Prioritizing the Arts

Every decade, the Colgate Core Curriculum undergoes a two-year revision process. Currently, the revision process is in the middle of the first year. One point of emphasis for faculty working on the core revisions is to introduce an artistic component to the curriculum.

The first year serves to collect data about the curriculum and spark discussion in the Colgate community about the current curriculum. The second year of revision is designated toward revision and re-creation.

In preparation for the 2020 term, the Core Curriculum requirements have been undergoing revisions. Every Colgate student fulfills Core Curriculum requirements in their first two years. The two literature-based courses that every student enrolls in are Challenges of Modernity and Legacies of the Ancient World. The three other credits that sophomore students must complete include Communities and Identities, Scientific Perspectives on the World and Global Engagements.

Director of the Division of University Studies Professor Nancy Ries is one of the faculty leaders working with the Core University Professors (UPs) on the course revisions.

“There is great interest among the faculty, as expressed in our faculty retreat and in the faculty survey, in building more robust artistic experiences into the Core. This is being identified as one of the priorities of the revision,” Ries said. “Many faculty would like all Colgate students to have an experience making art or performing artistically, whether in music, film or media, visual arts, dance, theater, poetry, literature or other modes of creation and performance.

Ries said that while only a small percentage of Colgate students go on to have arts-related careers, the arts still comprise a valuable component in a liberal arts education.

“It is clear that arts performance and practice helps to develop creativity, curiosity and collaboration skills,” Ries said.

Ries explained that as faculty work on the revisions during this “self-study” period, there are questions to be addressed before the new core curriculum is debuted. Ries said the Core should reflect Colgate’s goals of nurturing diversity and inclusion through the curriculum.

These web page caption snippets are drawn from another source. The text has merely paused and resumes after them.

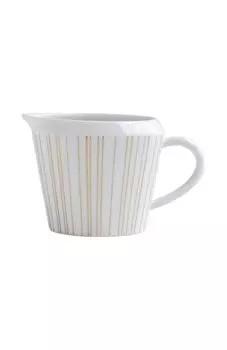 Молочник Sol Bernardaud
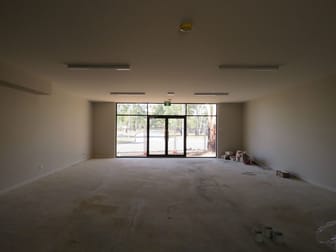 Unit 36/8 Fourth Avenue Mawson Lakes SA 5095 - Image 3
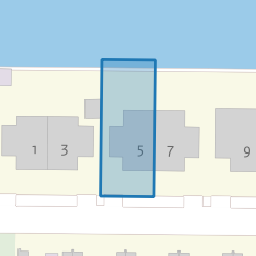 Perceel LWD00-F-8007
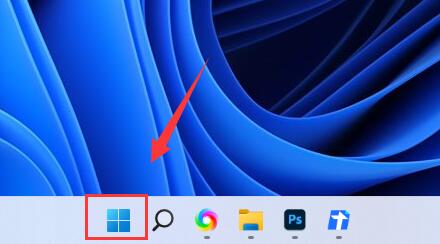 win11擴展屏幕設置教程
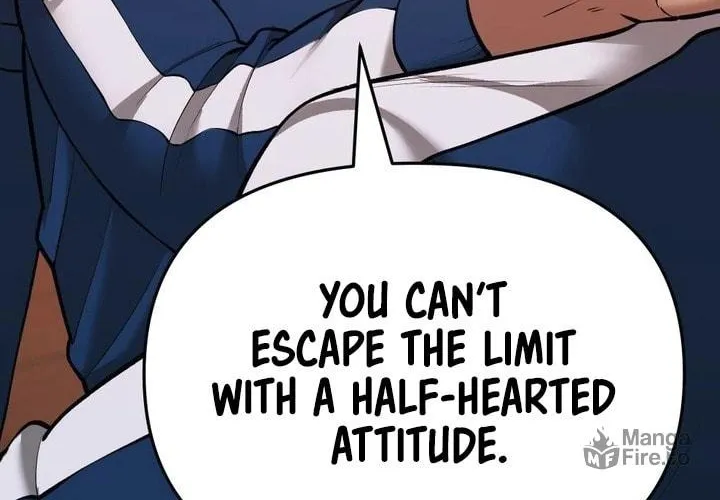 Read Designated Bully chapter 40 image 167 on Lezhin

Students have raised questions in various forums and through SGA and Senate.

“The Core faculty are not ignoring the points that students have communicated,” Ries said. “Does the Core fully utilize the many talents, capacities, energies and areas of expertise of Colgate’s faculty? What opportunities might the revision seize to build the enormous strengths of Colgate’s faculty into the Core Curriculum? How might we build more team-teaching, co-teaching and linked teaching into the next Core?”

Ries said that many faculty have expressed that they want opportunities to collaborate via their Core teaching.